_Supplied information_.
──────────────────────────────
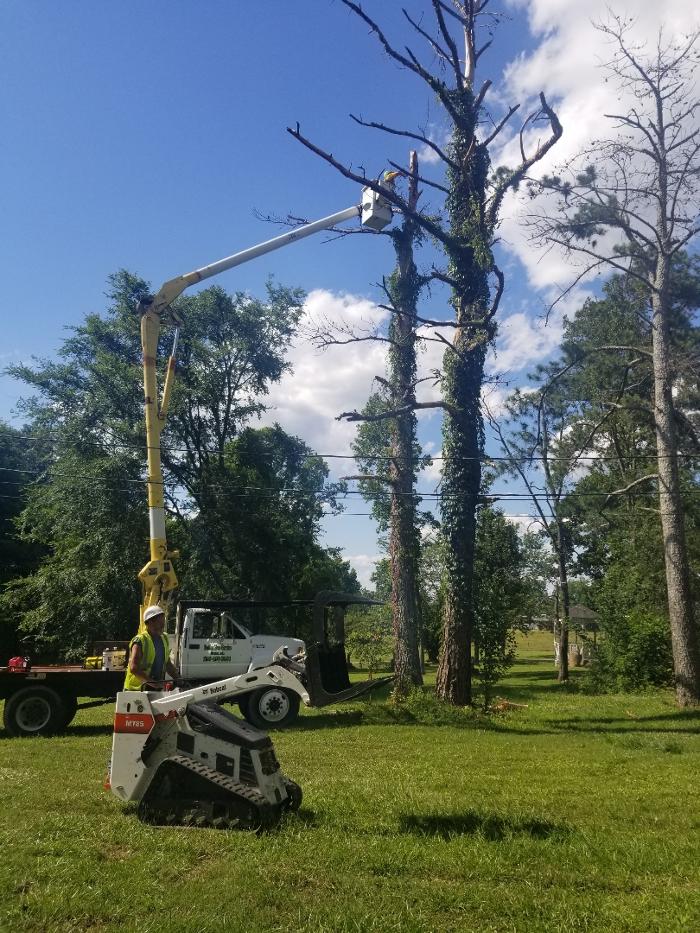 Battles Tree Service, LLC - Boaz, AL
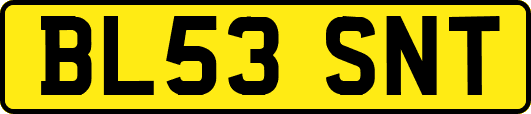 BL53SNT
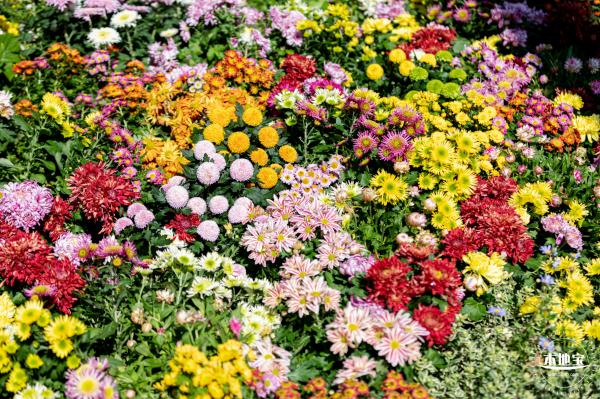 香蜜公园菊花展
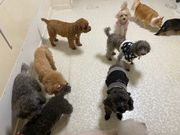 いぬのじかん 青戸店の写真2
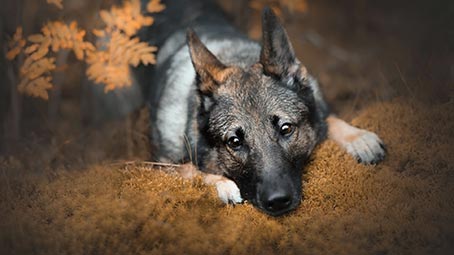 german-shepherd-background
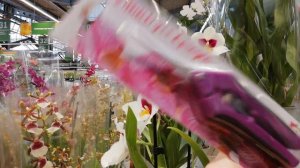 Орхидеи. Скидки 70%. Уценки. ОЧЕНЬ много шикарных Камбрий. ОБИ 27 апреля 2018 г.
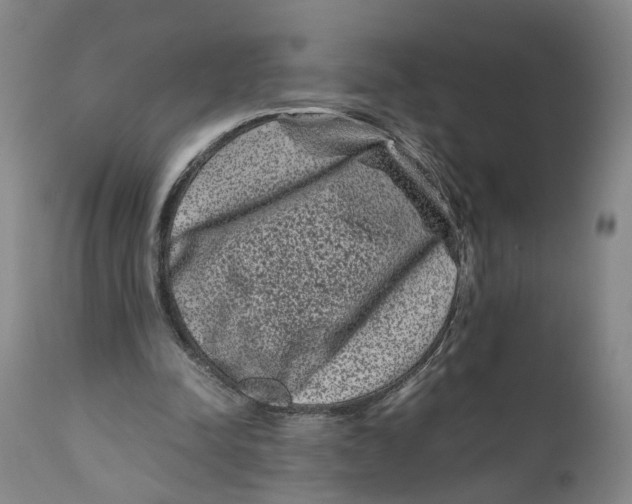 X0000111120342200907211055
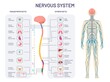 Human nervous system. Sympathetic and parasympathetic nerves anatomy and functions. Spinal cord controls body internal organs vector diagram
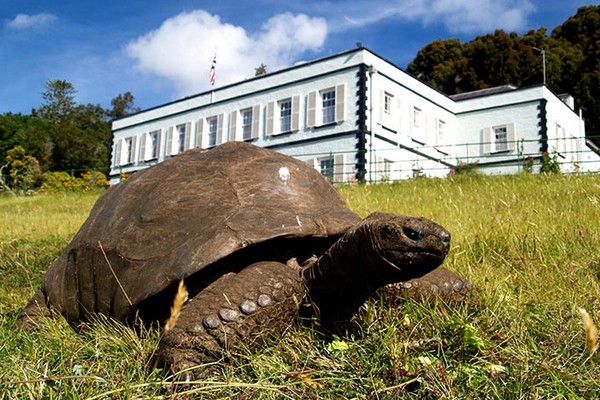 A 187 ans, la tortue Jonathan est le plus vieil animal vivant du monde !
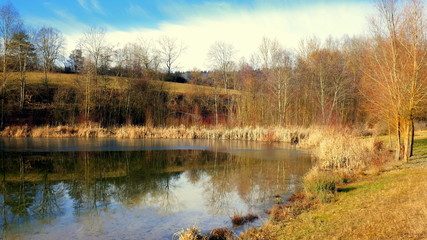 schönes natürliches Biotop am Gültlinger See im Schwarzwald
──────────────────────────────
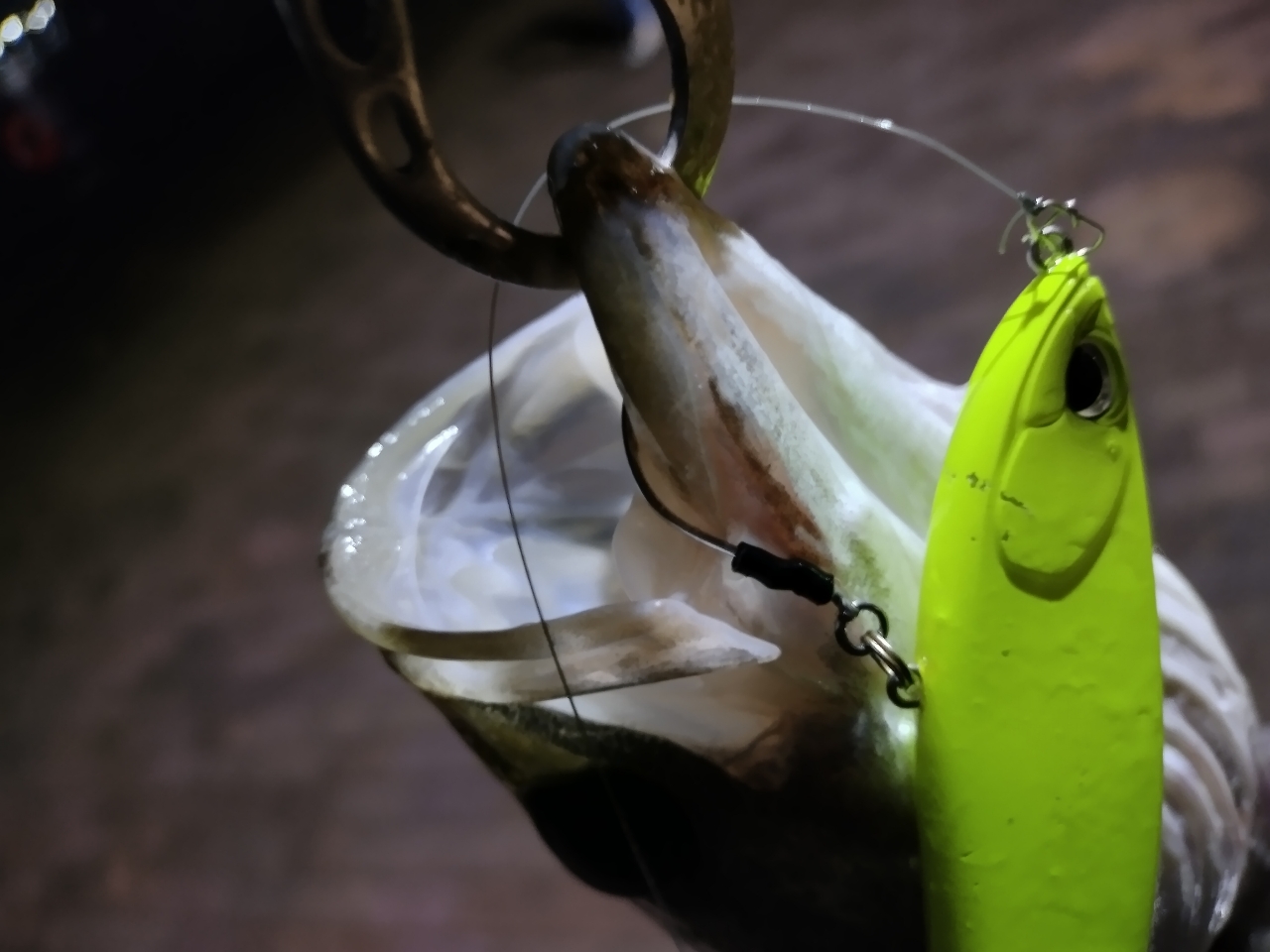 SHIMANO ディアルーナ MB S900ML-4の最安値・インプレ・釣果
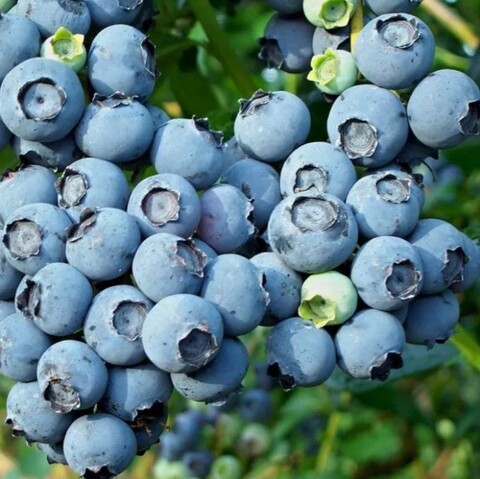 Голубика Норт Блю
──────────────────────────────
_What the task asks_. Given the records above, return the lines starting at the one that holds "Орхидеи. Скидки 70%." and ending at the one that holds "schönes natürliches Biotop", exactly, and nothing besides; leave every picture out.

_Reply to the exercise_.
 Орхидеи. Скидки 70%. Уценки. ОЧЕНЬ много шикарных Камбрий. ОБИ 27 апреля 2018 г.
 X0000111120342200907211055
 Human nervous system. Sympathetic and parasympathetic nerves anatomy and functions. Spinal cord controls body internal organs vector diagram
 A 187 ans, la tortue Jonathan est le plus vieil animal vivant du monde !
 schönes natürliches Biotop am Gültlinger See im Schwarzwald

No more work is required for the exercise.